Go through the data below. List every line that holds the word "Mini".

**SOURCE MATERIAL**
=== Section Start ===

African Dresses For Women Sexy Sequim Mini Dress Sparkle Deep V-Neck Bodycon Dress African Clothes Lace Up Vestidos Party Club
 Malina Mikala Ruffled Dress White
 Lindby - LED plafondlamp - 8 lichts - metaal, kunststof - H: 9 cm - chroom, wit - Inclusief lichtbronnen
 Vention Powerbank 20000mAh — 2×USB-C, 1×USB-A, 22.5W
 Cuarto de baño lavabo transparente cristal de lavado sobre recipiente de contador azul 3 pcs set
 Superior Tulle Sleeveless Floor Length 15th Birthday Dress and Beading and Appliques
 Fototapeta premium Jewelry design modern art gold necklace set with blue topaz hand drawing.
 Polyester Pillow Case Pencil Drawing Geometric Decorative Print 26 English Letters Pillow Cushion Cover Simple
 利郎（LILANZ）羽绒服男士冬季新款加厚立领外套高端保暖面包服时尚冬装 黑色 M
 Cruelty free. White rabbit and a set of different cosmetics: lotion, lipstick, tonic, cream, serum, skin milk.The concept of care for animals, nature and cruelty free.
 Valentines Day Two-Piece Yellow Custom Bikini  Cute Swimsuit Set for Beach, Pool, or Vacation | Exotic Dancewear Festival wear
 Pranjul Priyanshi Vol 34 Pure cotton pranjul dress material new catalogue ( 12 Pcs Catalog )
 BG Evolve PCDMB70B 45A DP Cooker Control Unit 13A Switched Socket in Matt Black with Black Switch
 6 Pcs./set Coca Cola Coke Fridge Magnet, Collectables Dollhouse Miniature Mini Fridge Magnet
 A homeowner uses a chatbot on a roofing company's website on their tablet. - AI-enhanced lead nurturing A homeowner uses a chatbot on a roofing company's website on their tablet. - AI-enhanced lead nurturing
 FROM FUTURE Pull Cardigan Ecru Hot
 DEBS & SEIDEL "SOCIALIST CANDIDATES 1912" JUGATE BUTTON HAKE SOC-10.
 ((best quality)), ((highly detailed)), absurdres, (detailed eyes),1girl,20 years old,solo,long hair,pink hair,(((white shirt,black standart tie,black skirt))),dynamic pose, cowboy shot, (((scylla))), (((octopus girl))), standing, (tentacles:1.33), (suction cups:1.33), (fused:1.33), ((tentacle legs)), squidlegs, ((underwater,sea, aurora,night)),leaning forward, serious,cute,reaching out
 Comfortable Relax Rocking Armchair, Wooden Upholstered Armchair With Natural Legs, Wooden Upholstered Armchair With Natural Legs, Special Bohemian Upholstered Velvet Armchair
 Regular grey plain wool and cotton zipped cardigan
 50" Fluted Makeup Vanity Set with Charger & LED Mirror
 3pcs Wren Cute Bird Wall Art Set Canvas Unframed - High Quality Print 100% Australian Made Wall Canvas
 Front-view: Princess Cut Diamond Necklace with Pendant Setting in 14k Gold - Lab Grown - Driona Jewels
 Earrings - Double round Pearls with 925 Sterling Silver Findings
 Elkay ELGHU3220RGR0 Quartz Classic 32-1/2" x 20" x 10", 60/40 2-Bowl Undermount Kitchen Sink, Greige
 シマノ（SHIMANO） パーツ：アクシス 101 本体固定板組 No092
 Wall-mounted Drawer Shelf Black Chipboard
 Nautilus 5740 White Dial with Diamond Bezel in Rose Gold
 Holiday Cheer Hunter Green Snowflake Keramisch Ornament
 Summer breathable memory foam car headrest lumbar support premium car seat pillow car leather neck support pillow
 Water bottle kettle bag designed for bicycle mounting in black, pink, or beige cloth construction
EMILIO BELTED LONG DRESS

=== Section End ===

**ANSWER TO THE PROBLEM**
African Dresses For Women Sexy Sequim Mini Dress Sparkle Deep V-Neck Bodycon Dress African Clothes Lace Up Vestidos Party Club
 6 Pcs./set Coca Cola Coke Fridge Magnet, Collectables Dollhouse Miniature Mini Fridge Magnet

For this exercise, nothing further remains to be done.